Resolution 2.1 Despite the vital role of SDG 16, there are many global threats against establishing peaceful and just institutions, including: shrinking space of the civil society, severe human rights violations, particularly against women, immigrants, and people of color, increasing conflicts, and violence.
We the Conference participants declare that all nations, states, governments, civil society groups, take SDG 16 seriously as part of the wider policy development.
Resolution 2.2 Promotion and Protection of Human Rights Agenda 2030 declared the objective to leave no one behind; therefore, sustainable development goal #16 should be advanced as part of the human rights agenda as an essential element of policy development.
We the Conference participants declare that the Member States, national human rights organizations, and civil society are called upon to prioritize the integration of human rights, in order to create peaceful, just, and strong institutions.
Resolution 2.3 recognizes the decline of Democratic Values and Rise of Autocracies Globally by calling on the promotion of democratic values expressed in SDG #16.

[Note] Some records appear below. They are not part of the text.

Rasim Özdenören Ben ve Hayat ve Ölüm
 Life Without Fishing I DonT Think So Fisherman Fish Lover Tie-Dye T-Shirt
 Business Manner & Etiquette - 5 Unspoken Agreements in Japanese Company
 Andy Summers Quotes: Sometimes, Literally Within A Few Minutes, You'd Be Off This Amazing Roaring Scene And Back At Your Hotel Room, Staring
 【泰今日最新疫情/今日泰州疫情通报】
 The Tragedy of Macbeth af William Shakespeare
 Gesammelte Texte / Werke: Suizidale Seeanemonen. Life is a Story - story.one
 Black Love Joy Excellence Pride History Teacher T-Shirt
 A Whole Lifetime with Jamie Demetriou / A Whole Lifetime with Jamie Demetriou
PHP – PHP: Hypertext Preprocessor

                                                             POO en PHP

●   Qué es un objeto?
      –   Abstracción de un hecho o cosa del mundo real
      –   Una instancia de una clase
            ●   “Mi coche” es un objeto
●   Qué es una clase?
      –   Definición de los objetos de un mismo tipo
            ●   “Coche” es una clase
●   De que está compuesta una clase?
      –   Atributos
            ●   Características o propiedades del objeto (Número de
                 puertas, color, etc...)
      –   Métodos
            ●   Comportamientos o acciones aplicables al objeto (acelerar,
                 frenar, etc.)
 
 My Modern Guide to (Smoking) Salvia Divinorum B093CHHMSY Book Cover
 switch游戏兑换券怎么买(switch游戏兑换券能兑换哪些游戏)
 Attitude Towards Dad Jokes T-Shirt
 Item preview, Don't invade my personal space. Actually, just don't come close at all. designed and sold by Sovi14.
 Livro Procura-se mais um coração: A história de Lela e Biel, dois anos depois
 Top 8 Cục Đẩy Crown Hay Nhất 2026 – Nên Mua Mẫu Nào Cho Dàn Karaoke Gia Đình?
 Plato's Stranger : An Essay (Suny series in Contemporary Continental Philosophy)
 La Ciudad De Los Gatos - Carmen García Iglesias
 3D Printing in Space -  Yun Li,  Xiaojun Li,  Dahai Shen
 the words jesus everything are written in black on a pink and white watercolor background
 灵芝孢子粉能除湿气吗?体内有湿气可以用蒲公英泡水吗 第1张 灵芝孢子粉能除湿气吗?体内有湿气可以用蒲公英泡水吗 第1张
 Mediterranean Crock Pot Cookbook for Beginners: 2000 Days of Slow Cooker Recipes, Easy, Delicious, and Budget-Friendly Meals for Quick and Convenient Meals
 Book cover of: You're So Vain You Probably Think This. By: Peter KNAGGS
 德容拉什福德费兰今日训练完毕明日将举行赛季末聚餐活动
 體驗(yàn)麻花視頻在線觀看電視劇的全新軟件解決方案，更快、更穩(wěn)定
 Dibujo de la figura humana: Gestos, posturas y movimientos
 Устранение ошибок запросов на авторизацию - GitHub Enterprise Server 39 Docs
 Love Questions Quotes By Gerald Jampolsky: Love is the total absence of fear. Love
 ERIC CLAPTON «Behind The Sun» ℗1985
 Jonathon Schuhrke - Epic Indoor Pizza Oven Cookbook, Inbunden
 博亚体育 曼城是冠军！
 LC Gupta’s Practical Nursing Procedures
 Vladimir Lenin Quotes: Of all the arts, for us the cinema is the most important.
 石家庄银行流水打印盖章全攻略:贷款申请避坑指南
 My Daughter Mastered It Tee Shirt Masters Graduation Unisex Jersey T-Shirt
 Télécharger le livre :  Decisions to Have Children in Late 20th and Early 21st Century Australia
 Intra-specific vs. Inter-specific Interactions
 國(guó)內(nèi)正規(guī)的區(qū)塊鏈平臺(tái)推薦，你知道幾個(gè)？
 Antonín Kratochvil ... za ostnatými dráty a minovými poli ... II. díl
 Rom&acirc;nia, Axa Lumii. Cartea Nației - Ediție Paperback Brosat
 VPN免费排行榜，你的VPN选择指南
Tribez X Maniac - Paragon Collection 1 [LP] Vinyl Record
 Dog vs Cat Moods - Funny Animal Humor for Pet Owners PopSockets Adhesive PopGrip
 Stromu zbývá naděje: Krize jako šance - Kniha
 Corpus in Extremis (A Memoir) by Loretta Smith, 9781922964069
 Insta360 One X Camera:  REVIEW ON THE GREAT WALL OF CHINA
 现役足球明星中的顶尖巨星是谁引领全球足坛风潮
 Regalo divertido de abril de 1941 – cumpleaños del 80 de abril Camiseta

We the Conference participants declare that the unchecked brutality of autocratic regimes and the ethical decay of democratic powers globally, requires an international intervention to make those countries less hostile, demand for democratic values from all to combat autocracies globally.
Resolution 2.4 addresses abuse of human rights of journalists and news reporters across the globe and the importance of information technology freedom.
We the Conference participants declare that declare that there should be a call to link good governance with the right to access information, transparency, and accountability, especially in countries where totalitarian regimes are known to suffocate justice.
Panel 3 Resolutions
Panel Session 3 discussed the lessons learned from the COVID-19 pandemic, with a particular focus on SDG #3 (Good Health and Well-Being) and SDG #17: Partnerships for the Goals.
Resolution 3.1 COVID-19 is a health crisis but also a Human Rights issue. The Pandemic is highlighting deep economic and social inequalities and inadequate health and social protection systems that require urgent attention as part of the public health response.
We the Conference participants declare that rather than just looking for a cure, there should be a harmonized response to economic downturn and inequalities, especially in poor economies.
Resolution 3.2 the right to health care services should also match the right to education by all children globally. The pandemic has brought about a crisis management process which creates imbalance on the way society assists elderly citizens, immigrants and other individuals in need, but less focus on children’s right to access quality education in schools.
We the Conference participants declare that a review on how the pandemic is being contained and how education is being delivered, while creating a balance on the way society assists elderly citizens, immigrants and other individuals in need.
Resolution 3.3 reflects on the COVID-19 and Right to Life in Prisons.
We the Conference participants declare that respective governments take urgent action in addressing the full range of infection risks faced by prisoners deprived of their liberty, by creating more space, reducing overcrowding, allowing more access to health services and the right to life by prisoners during the pandemic.